In a paper that I recently published in Omega with Benoit Montreuil and Guilhem Bau, we introduced the PAR concept considering all factors mentioned above. PAR extends the scope of product availability from in-stock to network availability while considering the influential factors involved in exploiting on-demand transshipments from both the customer’s and retailer’s perspectives. It measures the probability that a retailer satisfies future customers. It is expressed quantitatively as a fraction between zero and one, where values close to one reflect the retail center’s ability to provide any desired product within the customer’s acceptable time frame, while the reverse is true for values close to zero. The core of the PAR formulation, in a simple word, is an expected probability model. The probability of satisfying demand for a product in a retail store equals the probability of satisfying it by in-stock products or by an inventory transshipment. Using product demand shares to reflect the probability of demanding a product by a customer, PAR is obtained by:
Product demand shares are inputs to the model. The probability of satisfying demand by in-stock products (immediate purchases) is computed by considering the possibility of an exact match or a satisfactory substitute. We used a logistic function to model the probability of a customer accepting a substitute based on the similarity between products, which is obtained by comparing pairs of products with respect to different product features such as engine, color, and platform in the car industry.

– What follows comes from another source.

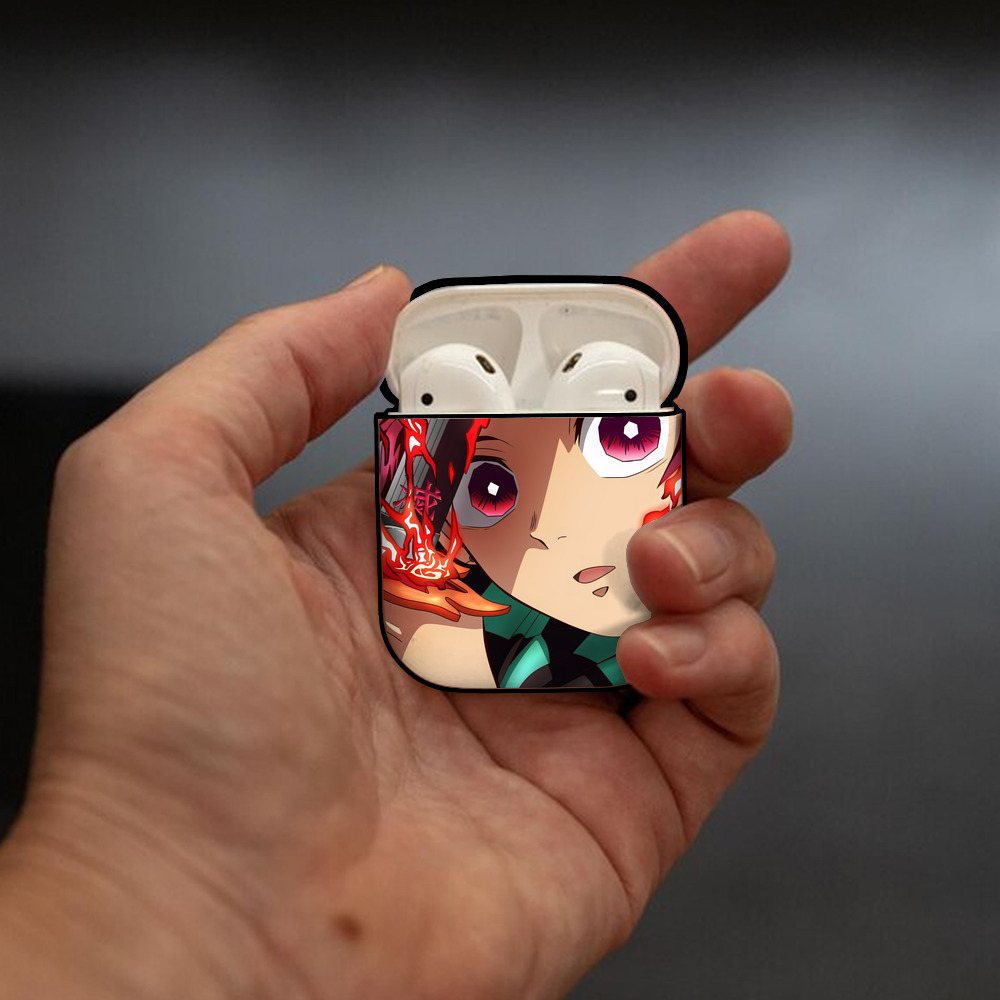 鬼滅の刃（きめつのやいば）竈門 炭治郎／かまど たんじろう Kamado Tanjirou AirPods 第2世代保護ケース ハードシェル ブラック 耐衝撃・防指紋・カラビナ付き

The probability of satisfying demand by transshipment is computed by considering showcasing features in the retail center, retailer’s inertia, and customer’s willingness to wait.
Similar to customer substitution behavior, we used a logistic function to model customers’ probabilistic behavior to accept a transshipment based on the showcasing features in the retail center. To account for the retailer’s inertia, the model restricts the available alternatives based on the distance and the incremental customer satisfaction gained by undergoing a longer-distance transshipment compared to a closer alternative. Finally, the model restricts transshipment alternatives for different customer groups to only alternatives that can be delivered within the acceptable waiting time.
The suitability of the model components and assumptions regarding customers’ and retailers’ behaviors were supported by the results of a survey conducted among more than 160 dealerships of our industrial partner, a recreational vehicle manufacturer, across the United States and Canada.
We evaluated the effectiveness of the model through a one-year pilot study in 17 dealerships of our industrial partner. We used the expected correlation between the PAR and sales and fine-tuned the parameters of the model using past sales and inventory logs (Figure 3).
We used the model to assess and improve product availability in the selected dealerships. We used the model in a heuristic greedy algorithm to replenish the products that would maximize PAR in the dealerships (Figure 4).
Our analysis showed that using our model to enhance product availability resulted in a 54% increase in annual sales of the pilot state, while the company experienced a 22% sales increase that year for the studied product lines in the rest of the United States (Figure 5). The pilot state achieved the highest sales improvement in North America. This was achieved while the inventory turnover of the pilot state also improved more than 16% compared to the past year.
PAR benefits retail networks in two ways. First, it can be used to accurately assess the inventory of retail centers as a function of potential sales. Second, it can be used in a core of optimization algorithm to plan and manage inventory in a retail distribution network and appropriately diversify inventory profiles across the network.